Tell us about your time at LSE? What are you most proud of?
I joined LSE100 as a graduate teaching assistant during its pilot year in 2010. I envisioned this as a short-term teaching role that would allow me to build on my previous teaching experience in Government and International Relations, but it turned into much more! Designing and running an interdisciplinary course for 1600+ students is incredibly challenging, but also rewarding. We have an outstanding team of four administrators and about 28 teachers who work hard to make the course a success for our diverse and highly motivated student body.
Working with students is absolutely the best part of the job, and it makes me happy to see our undergraduates taking risks as they engage with unfamiliar ideas, analytical methods, and types of data – especially when they discover their own previously unrecognized talents and interests.
I’m also very proud of the positive, collegial environment that we have created in the LSE100 team, which is exceptionally supportive of PhD students and early career scholars. It is gratifying to see the friendships and productive academic partnerships that come out of the team year after year.

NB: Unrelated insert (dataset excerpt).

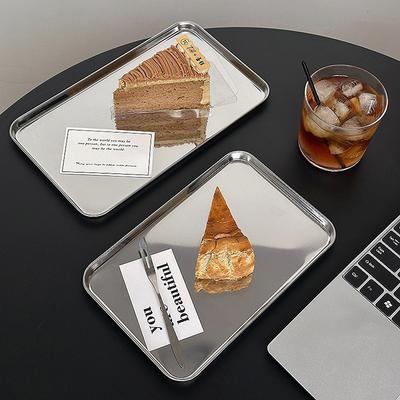 Vassoio Rettangolare Nordic in Acciaio Inossidabile per Caffetteria, Disco Contenitore a Rete, Piatto per Snack, Torta, Piatto da Pranzo per Dessert, Vassoio da Portata da Cucina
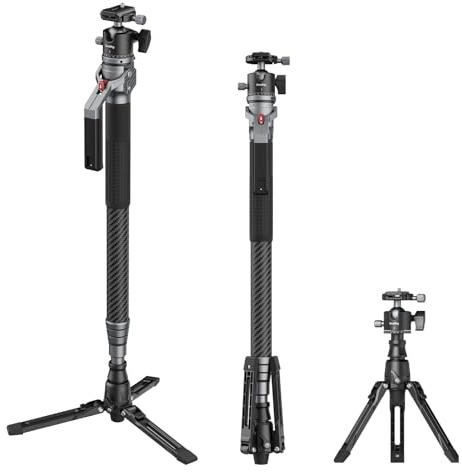 SMALLRIG 166,5 cm / 65,6 Carbonfaser-Einbeinstativ for Camera, Kamera-Einbeinstativ mit Einem Packmaß von 68cm / 26,8, Höhenverstellung per Knopfdruck, max 5kg Traglast Kugelkopf - 5564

Finally, I’m very proud of our contribution to LSE. The history of this institution is extraordinary, and it is very special to be part of its ongoing work toward “the betterment of society” through education and research.
Professor Niki Lacey said:
Jessica Templeton has shown outstanding leadership and dedication in coordinating LSE100 over a long period and, most recently, in restructuring the course in response to extensive consultation with and feedback from students and colleagues. During the 5 years in which I have been involved in the course as a teacher, member of the exam board and member of the management committee, I have witnessed Jessica’s passionate commitment to the enterprise; her strong intellectual and pedagogical grasp of how the course should be shaped, developed and delivered; and, equally important, her personal skills in motivating students and colleagues. Jessica is a natural leader, and a natural consensus-builder. She is also a phenomenally hard worker. LSE is hugely fortunate to have her in charge of its flagship foundation course.
Professor Mary Morgan said:
When I think about how the course has changed over the last few years under her leadership it is astounding – she improved what was already a good idea into a wonderful creation.